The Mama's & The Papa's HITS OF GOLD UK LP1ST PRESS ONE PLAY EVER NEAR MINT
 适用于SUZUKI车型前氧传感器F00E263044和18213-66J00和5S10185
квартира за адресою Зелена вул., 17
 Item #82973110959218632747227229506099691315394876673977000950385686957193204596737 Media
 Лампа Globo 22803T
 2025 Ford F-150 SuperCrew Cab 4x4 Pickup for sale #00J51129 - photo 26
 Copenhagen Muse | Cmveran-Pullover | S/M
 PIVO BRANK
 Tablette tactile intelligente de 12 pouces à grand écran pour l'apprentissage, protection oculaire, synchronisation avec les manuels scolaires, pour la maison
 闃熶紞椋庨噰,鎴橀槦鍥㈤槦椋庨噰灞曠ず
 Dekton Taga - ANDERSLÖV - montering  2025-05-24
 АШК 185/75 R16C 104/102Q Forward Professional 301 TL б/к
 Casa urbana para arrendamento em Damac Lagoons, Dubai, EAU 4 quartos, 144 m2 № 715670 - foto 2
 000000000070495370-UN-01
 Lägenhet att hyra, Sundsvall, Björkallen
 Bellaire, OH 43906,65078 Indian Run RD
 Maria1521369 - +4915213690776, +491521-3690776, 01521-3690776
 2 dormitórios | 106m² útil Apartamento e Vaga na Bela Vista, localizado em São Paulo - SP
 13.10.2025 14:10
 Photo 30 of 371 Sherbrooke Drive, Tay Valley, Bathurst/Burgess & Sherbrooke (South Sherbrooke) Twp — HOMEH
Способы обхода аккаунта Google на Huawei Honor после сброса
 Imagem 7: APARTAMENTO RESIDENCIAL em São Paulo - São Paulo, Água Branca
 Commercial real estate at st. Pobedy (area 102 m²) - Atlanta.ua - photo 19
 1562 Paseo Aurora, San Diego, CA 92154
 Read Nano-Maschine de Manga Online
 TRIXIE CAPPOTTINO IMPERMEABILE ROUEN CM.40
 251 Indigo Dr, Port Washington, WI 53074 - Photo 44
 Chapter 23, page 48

WORK ORDER:
From the entries above, write out only the lines starting at the line that holds "АШК 185/75 R16C" and ending at the line that holds "Imagem 7: APARTAMENTO", keeping both and matching them exactly.

TASK SOLUTION:
 АШК 185/75 R16C 104/102Q Forward Professional 301 TL б/к
 Casa urbana para arrendamento em Damac Lagoons, Dubai, EAU 4 quartos, 144 m2 № 715670 - foto 2
 000000000070495370-UN-01
 Lägenhet att hyra, Sundsvall, Björkallen
 Bellaire, OH 43906,65078 Indian Run RD
 Maria1521369 - +4915213690776, +491521-3690776, 01521-3690776
 2 dormitórios | 106m² útil Apartamento e Vaga na Bela Vista, localizado em São Paulo - SP
 13.10.2025 14:10
 Photo 30 of 371 Sherbrooke Drive, Tay Valley, Bathurst/Burgess & Sherbrooke (South Sherbrooke) Twp — HOMEH
Способы обхода аккаунта Google на Huawei Honor после сброса
 Imagem 7: APARTAMENTO RESIDENCIAL em São Paulo - São Paulo, Água Branca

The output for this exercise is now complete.